## THE TASK
Reproduce word for word the lines between those holding "Equipaggi il turista" and "A three-piece matching", inclusive, and nothing else from the data below.

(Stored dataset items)
################
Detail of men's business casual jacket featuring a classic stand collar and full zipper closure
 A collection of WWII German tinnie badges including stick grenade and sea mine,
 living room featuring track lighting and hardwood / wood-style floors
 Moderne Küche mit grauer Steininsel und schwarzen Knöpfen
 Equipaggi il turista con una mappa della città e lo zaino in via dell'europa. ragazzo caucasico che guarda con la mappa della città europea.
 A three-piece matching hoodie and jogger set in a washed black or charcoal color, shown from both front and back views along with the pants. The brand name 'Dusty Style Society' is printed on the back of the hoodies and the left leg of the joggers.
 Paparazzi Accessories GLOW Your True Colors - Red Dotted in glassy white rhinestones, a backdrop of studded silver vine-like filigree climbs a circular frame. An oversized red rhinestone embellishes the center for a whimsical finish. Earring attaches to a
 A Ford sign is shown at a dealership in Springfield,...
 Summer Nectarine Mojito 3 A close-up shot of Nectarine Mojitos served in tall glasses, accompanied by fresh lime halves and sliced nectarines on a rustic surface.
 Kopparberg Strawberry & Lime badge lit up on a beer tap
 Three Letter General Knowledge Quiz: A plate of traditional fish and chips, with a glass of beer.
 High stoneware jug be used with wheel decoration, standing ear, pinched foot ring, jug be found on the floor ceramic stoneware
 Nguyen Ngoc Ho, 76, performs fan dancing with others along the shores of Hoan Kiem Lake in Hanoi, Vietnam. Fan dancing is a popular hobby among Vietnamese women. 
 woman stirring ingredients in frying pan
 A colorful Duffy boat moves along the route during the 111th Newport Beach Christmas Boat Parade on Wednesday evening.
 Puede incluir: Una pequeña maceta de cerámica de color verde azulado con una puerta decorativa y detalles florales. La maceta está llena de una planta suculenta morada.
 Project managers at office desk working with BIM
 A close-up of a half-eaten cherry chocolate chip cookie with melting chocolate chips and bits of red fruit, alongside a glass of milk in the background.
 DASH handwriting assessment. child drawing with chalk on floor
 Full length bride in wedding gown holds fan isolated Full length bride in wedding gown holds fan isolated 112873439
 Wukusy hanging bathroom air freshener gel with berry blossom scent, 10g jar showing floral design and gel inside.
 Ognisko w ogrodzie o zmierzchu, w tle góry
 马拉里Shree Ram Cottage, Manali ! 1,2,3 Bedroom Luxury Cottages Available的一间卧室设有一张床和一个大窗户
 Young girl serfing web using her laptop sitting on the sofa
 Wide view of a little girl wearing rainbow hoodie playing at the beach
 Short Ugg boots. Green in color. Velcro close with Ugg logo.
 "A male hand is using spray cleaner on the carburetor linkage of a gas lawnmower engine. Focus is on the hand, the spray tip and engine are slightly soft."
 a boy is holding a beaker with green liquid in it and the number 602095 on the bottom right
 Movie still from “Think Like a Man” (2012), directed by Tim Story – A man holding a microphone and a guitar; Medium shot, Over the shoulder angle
################
## WRITTEN SOLUTION
 Equipaggi il turista con una mappa della città e lo zaino in via dell'europa. ragazzo caucasico che guarda con la mappa della città europea.
 A three-piece matching hoodie and jogger set in a washed black or charcoal color, shown from both front and back views along with the pants. The brand name 'Dusty Style Society' is printed on the back of the hoodies and the left leg of the joggers.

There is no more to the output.